リーガルテック社が開発したAI創出基盤
リーガルテック株式会社は、企業内に存在するが活用されていない知識、いわゆる“暗黙知”を発明資産に変えるためのAI創出基盤を発表しました。特に製造業やIT、化学業界では、研究ノートや実験記録が日常的に生成されているにもかかわらず、それらが適切に活用されないまま埋もれてしまうことが問題となっています。
背景と課題
多くの技術系企業では、研究ノートや技術に関する文書が部署ごとに分散して保存され、発明としての価値を引き出せない状態が続いています。また、発明の抽出は担当者の経験や理解に依存するため、企業内で安定的に創出する体制が求められていました。このような課題を解決するために、リーガルテック社はAIを使った発明創出基盤の提供を開始しました。
AI創出基盤の機能
リーガルテック社は、研究ノートや実験ログを解析し、自動的に発明候補を抽出するシステムを導入しました。この基盤は、次の3つの製品を連携させて機能します。
1.
IPGenius(創出フェーズ)
技術文書から重要な要素を抽出し、技術的な課題や解決策を体系化します。
2.
MyTokkyo.Ai(分析フェーズ)
抽出した発明候補を既存の特許と比較し、新規性や差別化ポイントを整理します。
3.
リーガルテックVDR(共有フェーズ)
発明候補や技術資料を安全な環境で共有し、関係部署間での議論をスムーズにします。
各機能の特徴
- - IPGeniusでは、研究ノートや実験記録を解析し、発明に繋がる技術要素を特定することができます。また、複数の発明候補を提示することも可能です。

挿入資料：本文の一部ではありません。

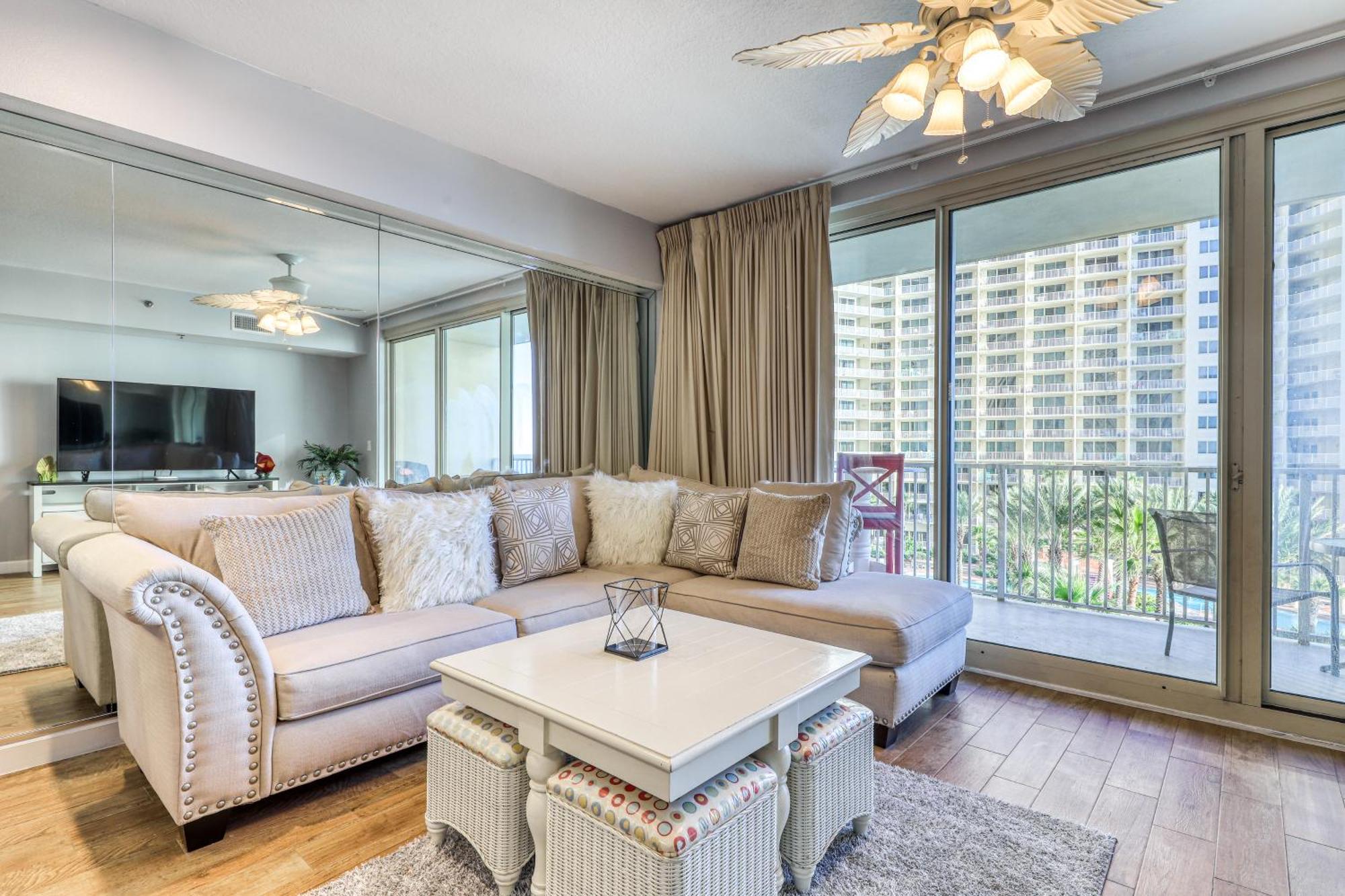 Shores Of Panama Resort By Vacasa Panama City Beach Room photo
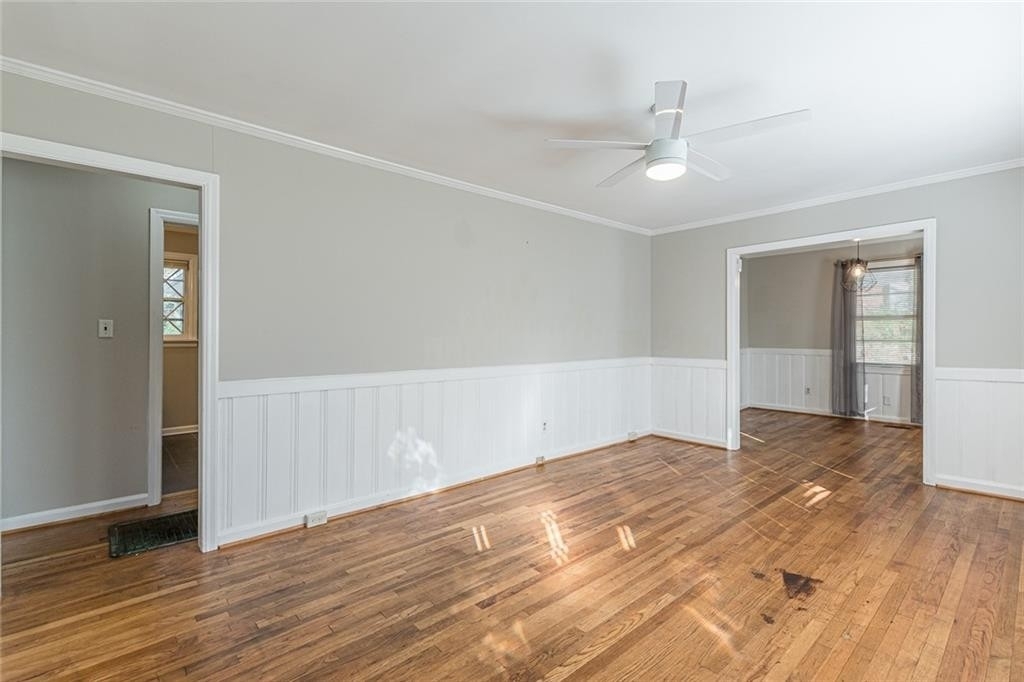 2087 Mercer Avenue - Photo 13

- - MyTokkyo.Aiは、発明候補を類似技術や特許と比較し、その独自性を明確にします。この情報を基に技術領域の全体像を把握することができます。
- - リーガルテックVDRでは、技術資料の安全な共有が行われ、部門横断でのレビュー体制が効率化されます。
利用シーンと期待される効果
この基盤の導入により、研究ノートから発明候補を抽出し、大量の技術文書を整理・構造化することができます。また、従来の研究を再評価し、新たな発明を促進することが期待されます。特に若手研究者の創出活動を支援することで、全体的な発明数の増加が見込まれています。企業内に眠る研究成果を有効活用する仕組みが構築されることにより、技術における競争力が高まるでしょう。
事業への影響
未利用の知識の発明化は多くの産業共通の課題です。AI創出基盤の導入によって、発明の創出件数が増加し、分析サービスと併せて利用することにより活用範囲も広がります。また、技術データを蓄積することで、その価値を持続的に向上させていくことが期待されています。これは企業の無形資産の価値を高め、中長期的な成長に寄与することに繋がると考えられます。
今後の展開
今後、リーガルテック社はAI創出基盤の解析精度を向上させ、業界ごとのテンプレートを整備します。また、研究のデジタル化(DX)との連携や、技術データ統合管理モデルの開発を進め、企業の無形資産マネジメント全体をサポートする仕組みを強化する方針です。
会社概要
- - 会社名: リーガルテック株式会社
- - 設立: 2021年3月
- - 資本金: 3億7,900万円(資本準備金含む)
- - 代表取締役社長: 平井 智之
- - 所在地: 東京都港区虎ノ門5-13-1 虎ノ門40MTビル4F
- - URL: リーガルテック株式会社
この基盤は、研究開発の未来を切り拓く大きな一歩となるでしょう。